### The problem
The data that follows must be transcribed in full and exactly, minus the pictures.

### Data to use
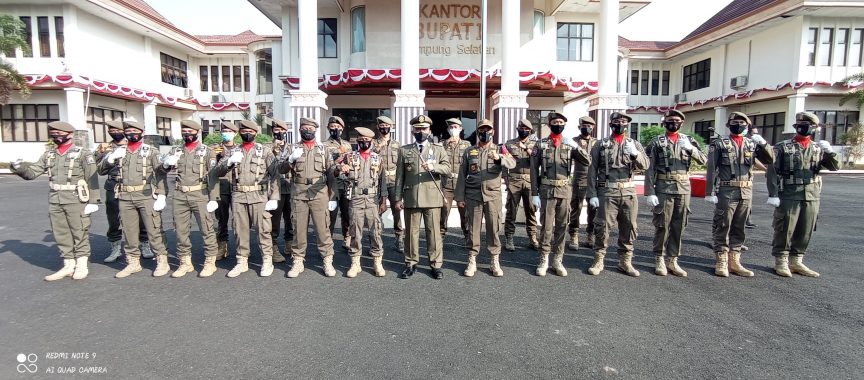 Pemkab Lampung Selatan Membuka Rekrutmen Satpol PP, Butuh 220 Anggota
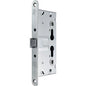 SERRATURA METALLO INFILARE 214 ISEO B.Q ZINC F.MM 24 F.SAGOM M1+SCR Q9 E.MM 65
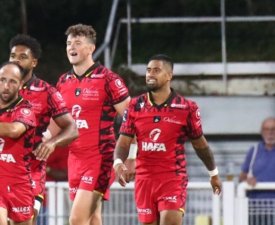 Pro D2 (J3) : Rouen seul leader, Provence et Massy toujours fanny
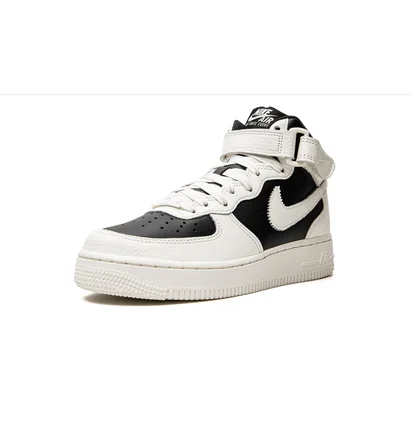 Кросівки жіночі Nike Wmns Air Force 1 07 Mid White/Black DV2224-001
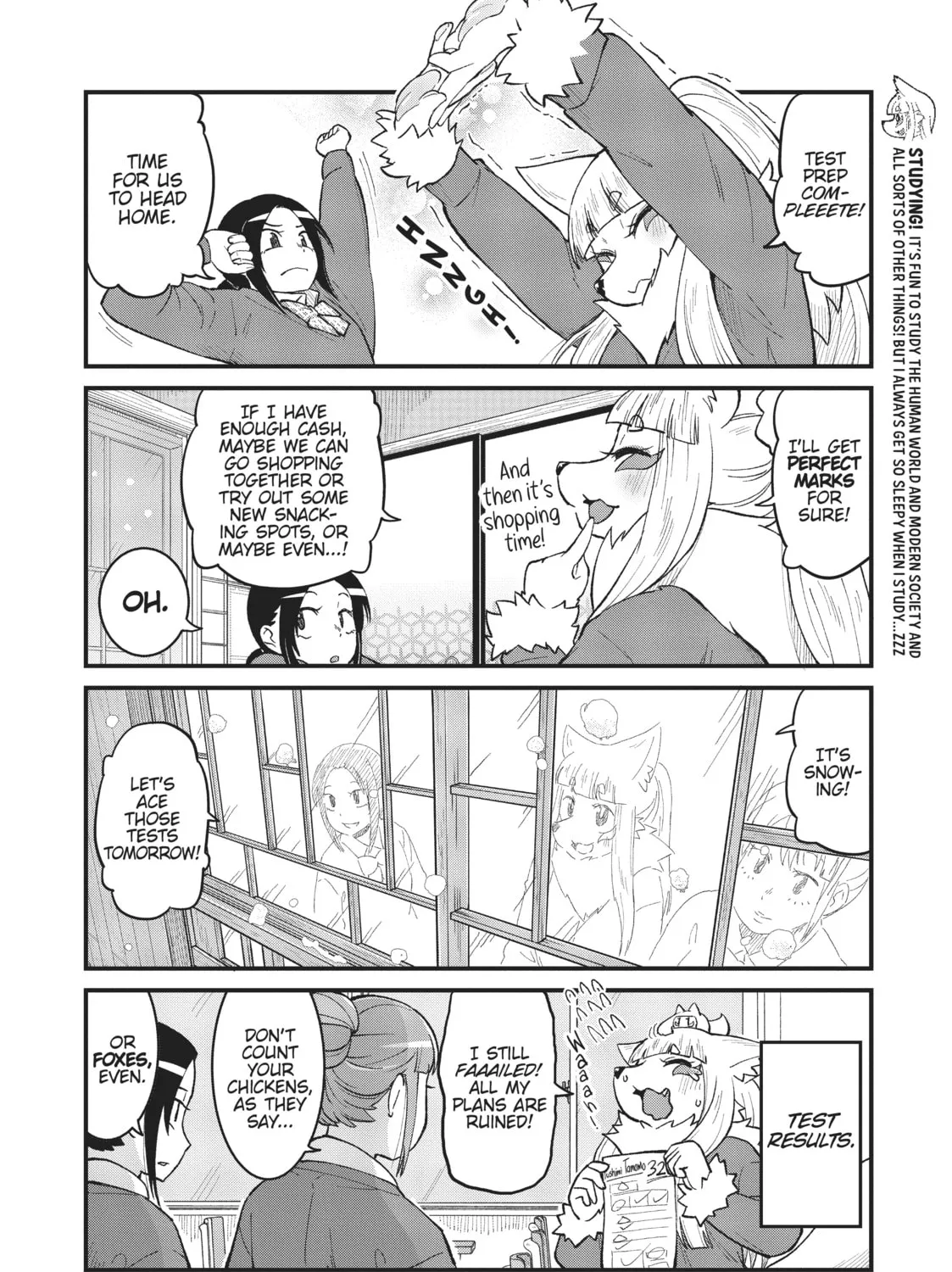 Read Tamamo-chan’s a Fox! chapter 49 image 14 on Lezhin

### Result below
 Pemkab Lampung Selatan Membuka Rekrutmen Satpol PP, Butuh 220 Anggota
 SERRATURA METALLO INFILARE 214 ISEO B.Q ZINC F.MM 24 F.SAGOM M1+SCR Q9 E.MM 65
 Pro D2 (J3) : Rouen seul leader, Provence et Massy toujours fanny
 Кросівки жіночі Nike Wmns Air Force 1 07 Mid White/Black DV2224-001
 Read Tamamo-chan’s a Fox! chapter 49 image 14 on Lezhin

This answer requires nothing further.